人喜豁达,哪怕做不到,装都要装一下。功名富贵,人生际遇,或许真有人不在乎,但面对生死,能做到豁达看淡的不多。
陶渊明“死去何所道,托体同山阿”的明悟,苏轼“十年生死两茫茫,不思量,自难忘”的深情,文天祥“人生自古谁无死,留取丹心照汗青”的大义,谭嗣同“我自横刀向天笑,去留肝胆两昆仑”的绝决每让人神往。
这些人不是普通人,他们有大智慧,大志向,大决心,大情怀,他们做得到,一般人做不到。面对时间之箭,面对熵增无可回逆的宇宙终极旅程,人们被迫接受,有几许无奈,有些许遗憾。但土家族人是个例外,对生死的态度,他们与世人截然不同。

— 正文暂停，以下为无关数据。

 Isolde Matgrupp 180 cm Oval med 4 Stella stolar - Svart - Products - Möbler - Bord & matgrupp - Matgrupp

地处鄂西南的恩施土苗自治州,是中国土家文化传承最具代表性的地方,丧葬文化则是传统文化颇有特色的组成部分。在每个土家山寨,山边田头,列祖列宗的高头大坟星罗其布,散列其中。别处通常都是清明祭祖,土家人则是一年四季,随时有人回来祭祖。如果哪个山头河湾突然响起鞭炮,一定是远游的子孙回来看望先祖。

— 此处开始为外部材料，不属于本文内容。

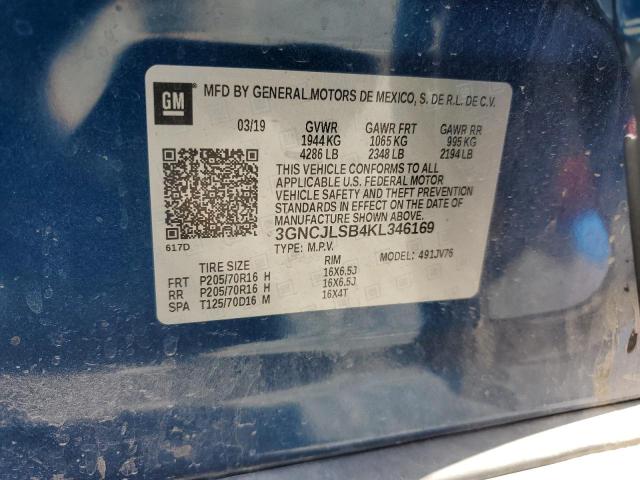 2019 CHEVROLET TRAX 1LT - 3GNCJLSB4KL346169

在恩施地区,几乎见不到平原地带常见的那种小土堆,小坟包,无一例外,几乎都是石砌的大墓,墓碑通常高达2米以上,采用传统神龛款式,有些豪华的墓碑分两下两层,高达2.5米。碑文采用中国传统的墓志写法,将墓主的生平、后代谱系全部刊刻于上,供后辈瞻仰。

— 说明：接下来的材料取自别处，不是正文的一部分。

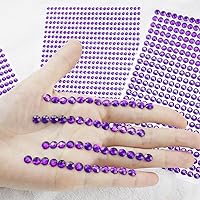 Vista 7 de 1792 calcomanías de gemas para el cabello, calcomanías de perlas autoadhesivas moradas, joyas para rostro, ojos, uñas, maquillaje corporal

在恩施,子女通过奋斗积累些许资财,为二代甚至三代以上祖先立碑之事,比比皆是。这不是迷信风水,而是一种简单朴素的祖宗信仰,每一个土家人都认为为祖上立碑树文,让祖宗的名字在自己力所能及的时空范围内存续是一种上天注定的义务,约定俗成,不言自明。
很多人家的祖坟离家不过一两米,在平原、城市人看来简直不可思议,但土家人就这么坦然,就跟吃饭喝水一样自然,恐惧害怕这种情感是不存在的。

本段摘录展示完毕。